[WHAT TO DO] Give the data again exactly, without images.

[Image-text web data]

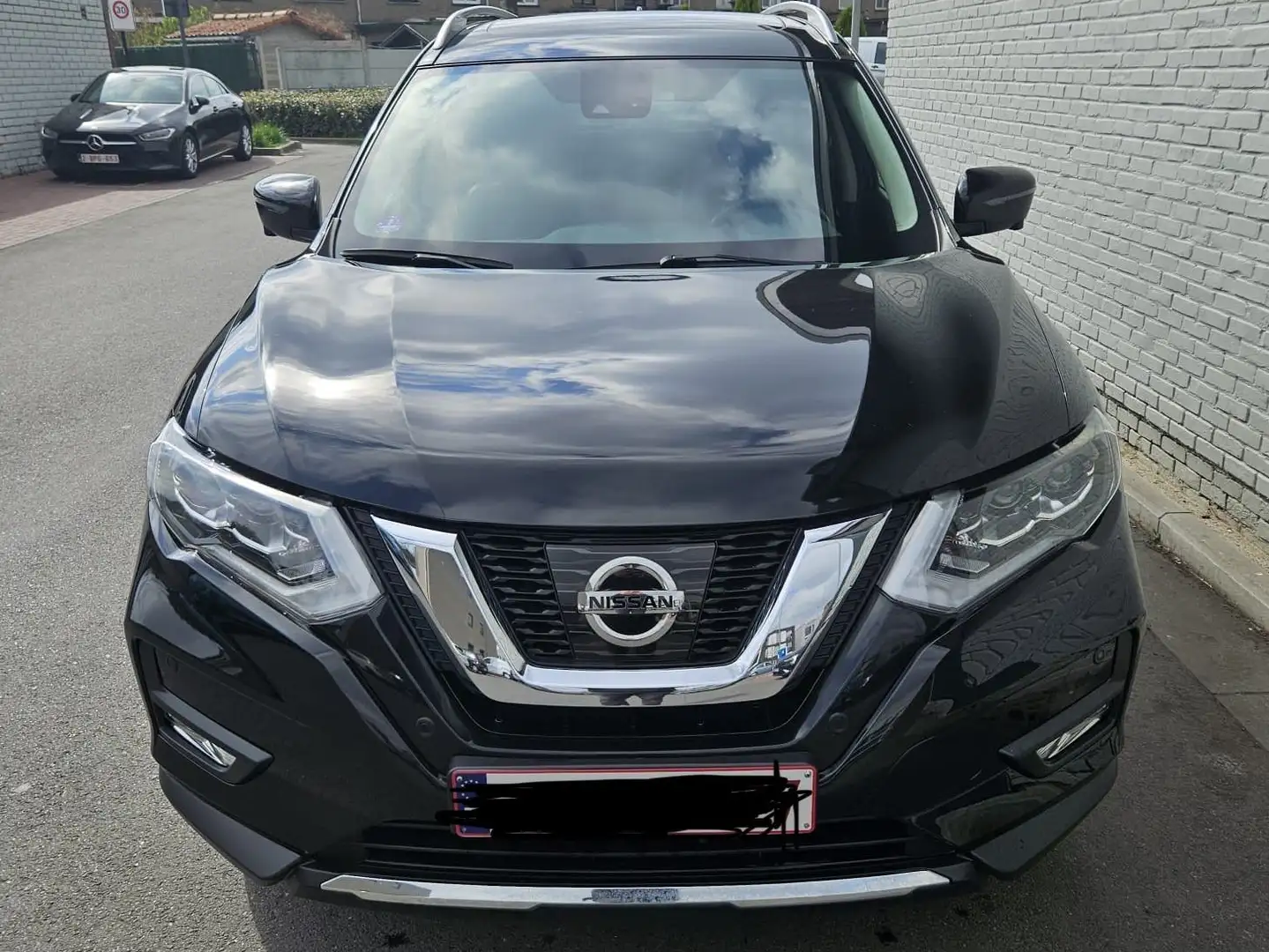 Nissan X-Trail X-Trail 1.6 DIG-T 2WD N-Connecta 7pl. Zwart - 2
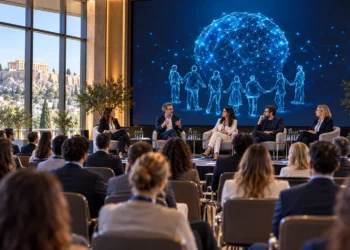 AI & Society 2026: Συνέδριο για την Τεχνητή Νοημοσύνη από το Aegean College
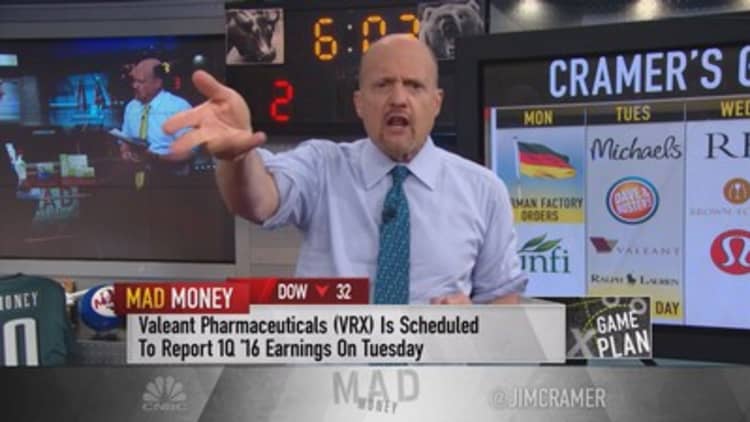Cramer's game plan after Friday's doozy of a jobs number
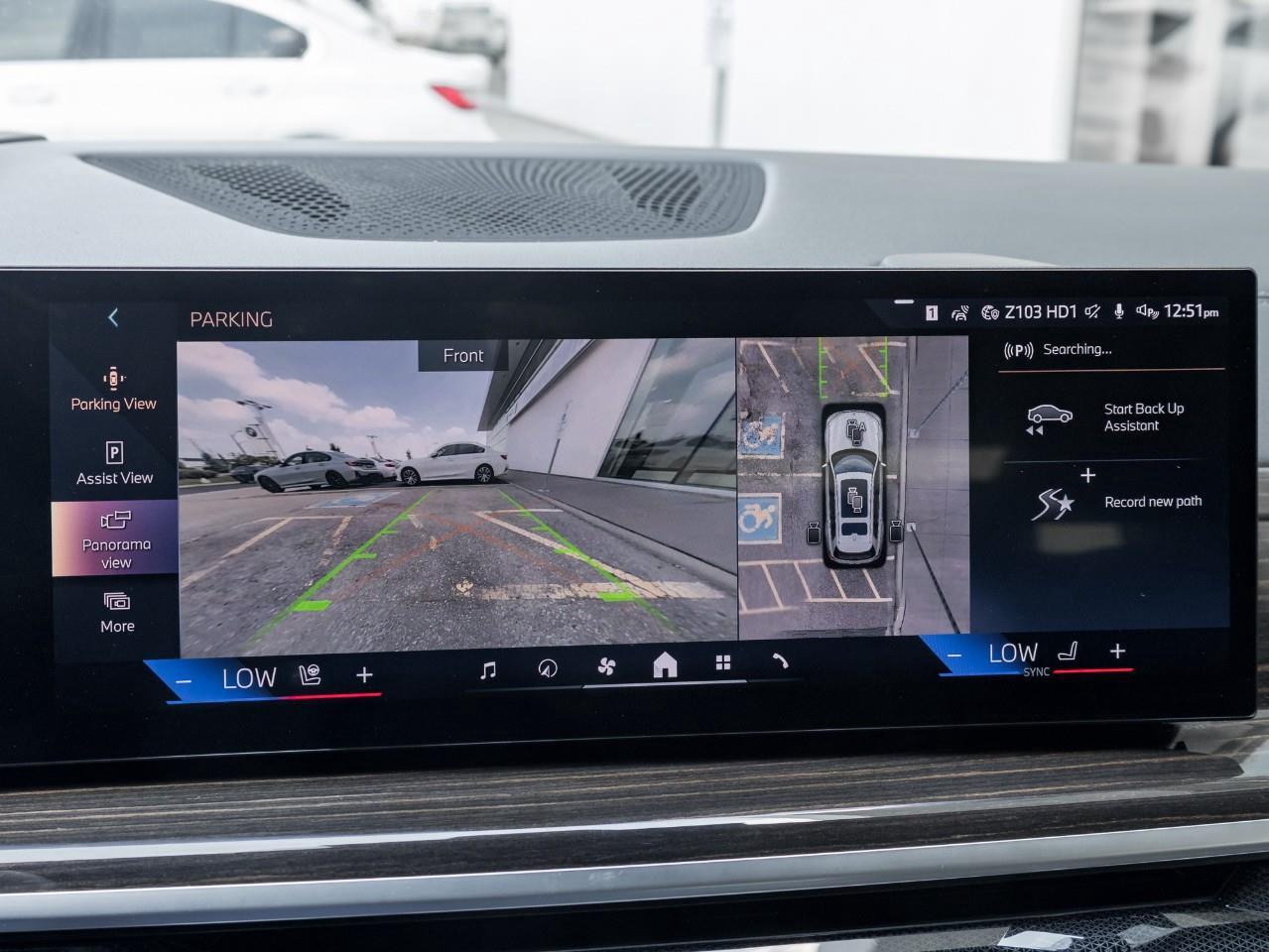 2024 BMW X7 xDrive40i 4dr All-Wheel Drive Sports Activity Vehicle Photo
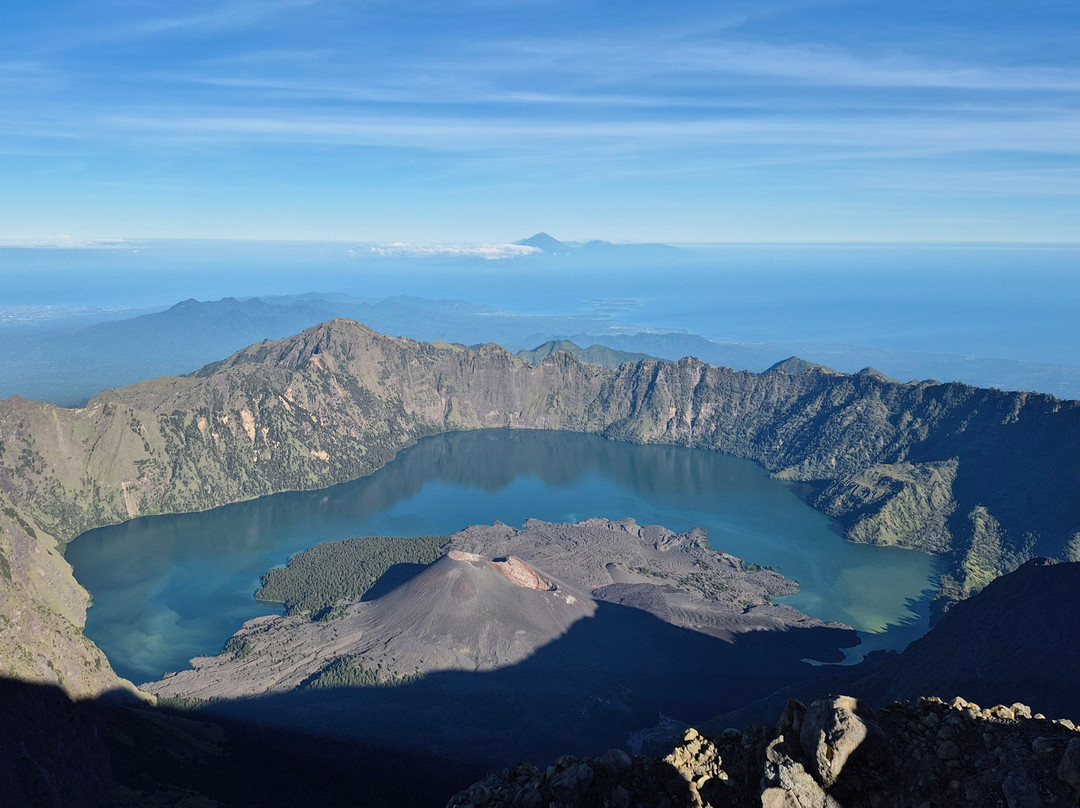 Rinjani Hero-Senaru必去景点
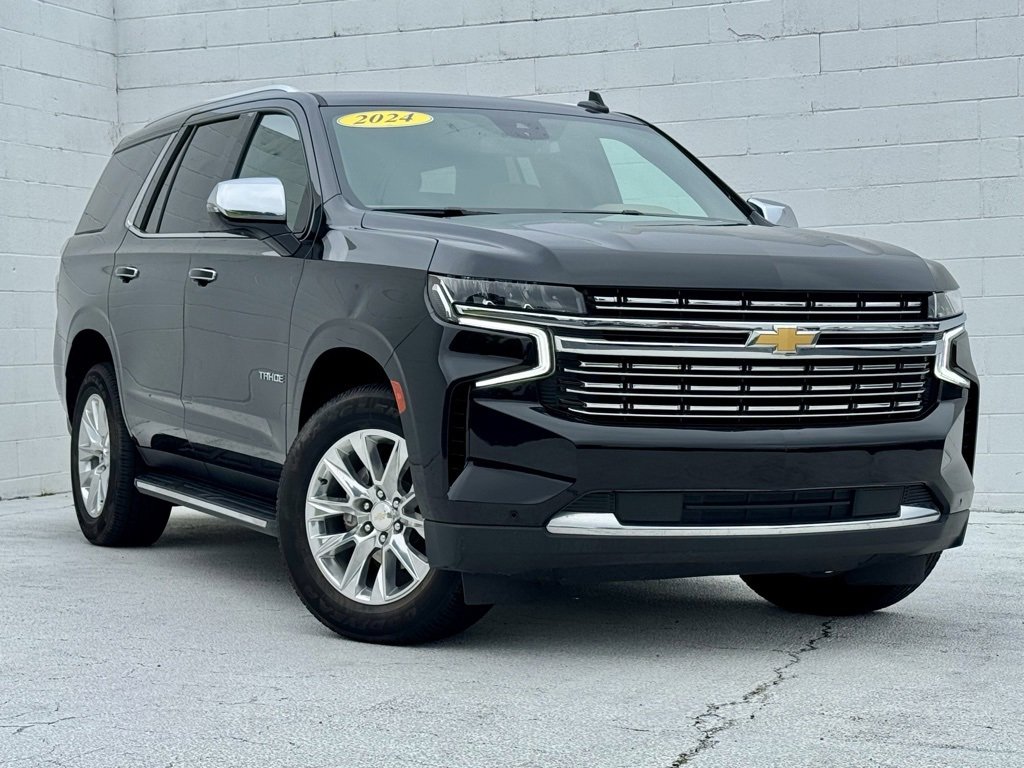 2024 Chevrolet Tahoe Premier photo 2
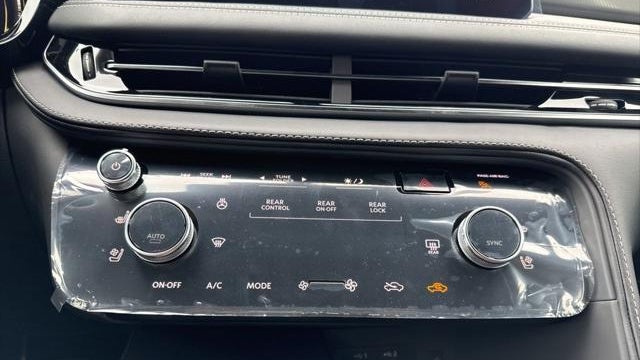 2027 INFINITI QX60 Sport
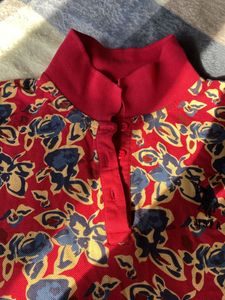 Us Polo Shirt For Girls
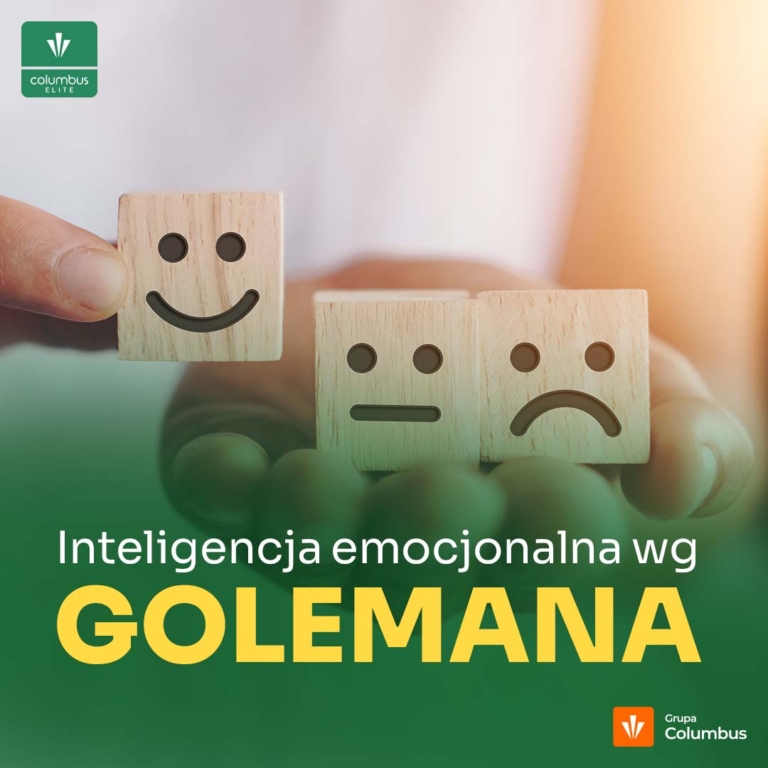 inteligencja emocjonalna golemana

[SOLUTION TO THIS PROBLEM]
 Nissan X-Trail X-Trail 1.6 DIG-T 2WD N-Connecta 7pl. Zwart - 2
 AI & Society 2026: Συνέδριο για την Τεχνητή Νοημοσύνη από το Aegean College
Cramer's game plan after Friday's doozy of a jobs number
 2024 BMW X7 xDrive40i 4dr All-Wheel Drive Sports Activity Vehicle Photo
 Rinjani Hero-Senaru必去景点
 2024 Chevrolet Tahoe Premier photo 2
 2027 INFINITI QX60 Sport
 Us Polo Shirt For Girls
 inteligencja emocjonalna golemana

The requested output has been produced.